[openstack-dev] [charms] PTG summary
James Page
james.page at ubuntu.com
Wed Sep 20 12:07:08 UTC 2017
Hi All
Here’s a summary of the charm related discussion from PTG last week.
# Cross Project Discussions
## Skip Level Upgrades
This topic was discussed at the start of the week, in the context of
supporting upgrades across multiple OpenStack releases for operators. What
was immediately evident was this was really a discussion around
‘fast-forward’ upgrades, rather than actually skipping any specific
OpenStack series as part of a cloud upgrade. Deployments would still need
to step through each OpenStack release series in turn, so the discussion
centred around how to make this much easier for operators and deployment
tools to consume than it has been to-date.
There was general agreement on the principles that all steps required to
update a service between series should be supported whilst the service is
offline – i.e. all database migrations can be completed without the
services actually running; This would allow multiple upgrade steps to be
completed without having to start services up on interim steps. Note that a
lot of projects all ready support this approach, but its never been agreed
as a general policy as part of the ‘supports-upgrade‘ tag which was one of
the actions resulting from this discussion.
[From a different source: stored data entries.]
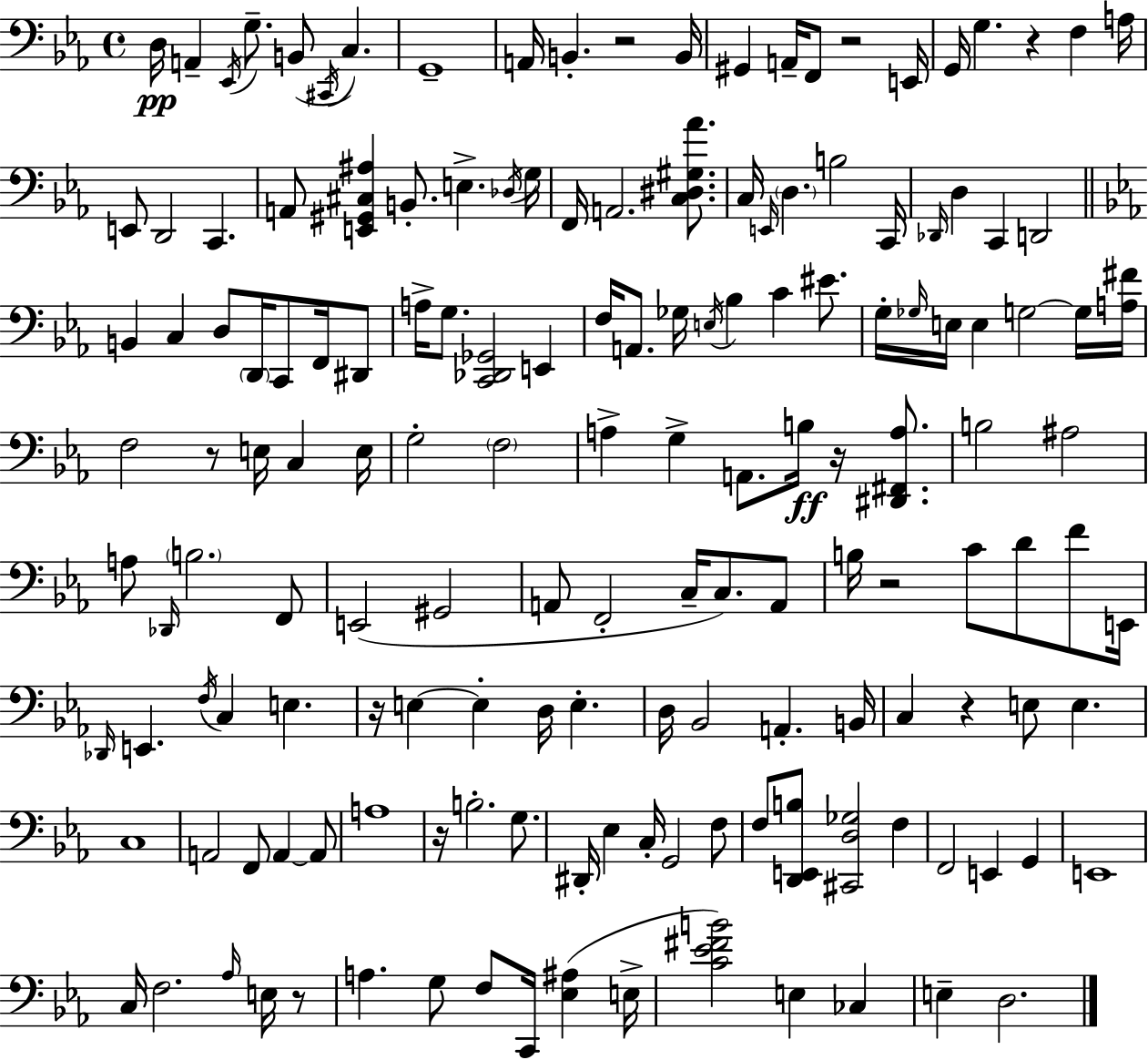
{
  \clef bass
  \time 4/4
  \defaultTimeSignature
  \key ees \major
  d16\pp a,4-- \acciaccatura { ees,16 } g8.-- b,8( \acciaccatura { cis,16 } c4.) | g,1-- | a,16 b,4.-. r2 | b,16 gis,4 a,16-- f,8 r2 | \break e,16 g,16 g4. r4 f4 | a16 e,8 d,2 c,4. | a,8 <e, gis, cis ais>4 b,8.-. e4.-> | \acciaccatura { des16 } g16 f,16 a,2. | \break <c dis gis aes'>8. c16 \grace { e,16 } \parenthesize d4. b2 | c,16 \grace { des,16 } d4 c,4 d,2 | \bar "||" \break \key c \minor b,4 c4 d8 \parenthesize d,16 c,8 f,16 dis,8 | a16-> g8. <c, des, ges,>2 e,4 | f16 a,8. ges16 \acciaccatura { e16 } bes4 c'4 eis'8. | g16-. \grace { ges16 } e16 e4 g2~~ | \break g16 <a fis'>16 f2 r8 e16 c4 | e16 g2-. \parenthesize f2 | a4-> g4-> a,8. b16\ff r16 <dis, fis, a>8. | b2 ais2 | \break a8 \grace { des,16 } \parenthesize b2. | f,8 e,2( gis,2 | a,8 f,2-. c16-- c8.) | a,8 b16 r2 c'8 d'8 | \break f'8 e,16 \grace { des,16 } e,4. \acciaccatura { f16 } c4 e4. | r16 e4~~ e4-. d16 e4.-. | d16 bes,2 a,4.-. | b,16 c4 r4 e8 e4. | \break c1 | a,2 f,8 a,4~~ | a,8 a1 | r16 b2.-. | \break g8. dis,16-. ees4 c16-. g,2 | f8 f8 <d, e, b>8 <cis, d ges>2 | f4 f,2 e,4 | g,4 e,1 | \break c16 f2. | \grace { aes16 } e16 r8 a4. g8 f8 | c,16 <ees ais>4( e16-> <c' ees' fis' b'>2) e4 | ces4 e4-- d2. | \break \bar "|."
}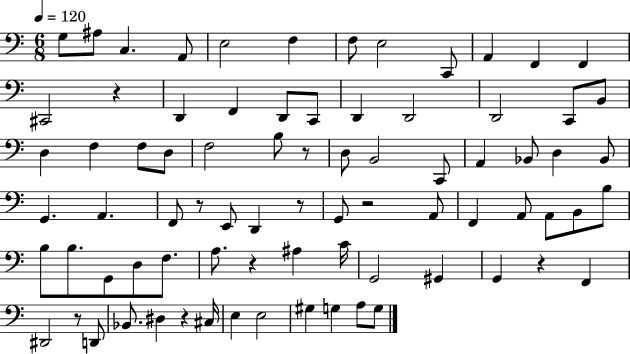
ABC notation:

X:1
T:Untitled
M:6/8
L:1/4
K:C
G,/2 ^A,/2 C, A,,/2 E,2 F, F,/2 E,2 C,,/2 A,, F,, F,, ^C,,2 z D,, F,, D,,/2 C,,/2 D,, D,,2 D,,2 C,,/2 B,,/2 D, F, F,/2 D,/2 F,2 B,/2 z/2 D,/2 B,,2 C,,/2 A,, _B,,/2 D, _B,,/2 G,, A,, F,,/2 z/2 E,,/2 D,, z/2 G,,/2 z2 A,,/2 F,, A,,/2 A,,/2 B,,/2 B,/2 B,/2 B,/2 G,,/2 D,/2 F,/2 A,/2 z ^A, C/4 G,,2 ^G,, G,, z F,, ^D,,2 z/2 D,,/2 _B,,/2 ^D, z ^C,/4 E, E,2 ^G, G, A,/2 G,/2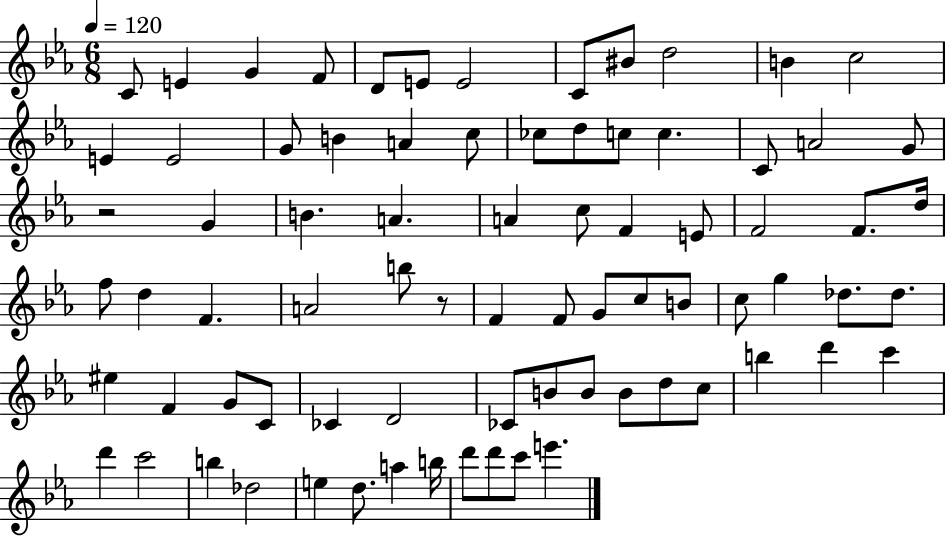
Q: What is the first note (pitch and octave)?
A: C4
In the context of the OpenStack Charms, we already follow something along
these lines for minimising the amount of service disruption in the control
plane during OpenStack upgrades; with implementation of this approach
across all projects, we can avoid having to start up services on each
series step as we do today, further optimising the upgrade process
delivered by the charms for services that don’t support rolling upgrades.
## Policy in Code
Most services in OpenStack rely on a policy.{json,yaml} file to define the
policy for role based access into API endpoints – for example, what
operations require admin level permissions for the cloud. Moving all policy
default definitions to code rather than in a configuration file is a goal
for the Queens development cycle.
This approach will make adapting policies as part of an OpenStack Charm
based deployment much easier, as we only have to manage the delta on top of
the defaults, rather than having to manage the entire policy file for each
OpenStack release. Notably Nova and Keystone have already moved to this
approach during previous development cycles.
## Deployment (SIG)
During the first two days, some cross deployment tool discussions where
held for a variety of topics; of specific interest for the OpenStack Charms
was the discussion around health/status middleware for projects so that the
general health of a service can be assessed via its API – this would cover
in-depth checks such as access to database and messaging resources, as well
as access to other services that the checked service might depend on – for
example, can Nova access Keystone’s API for authentication of tokens etc.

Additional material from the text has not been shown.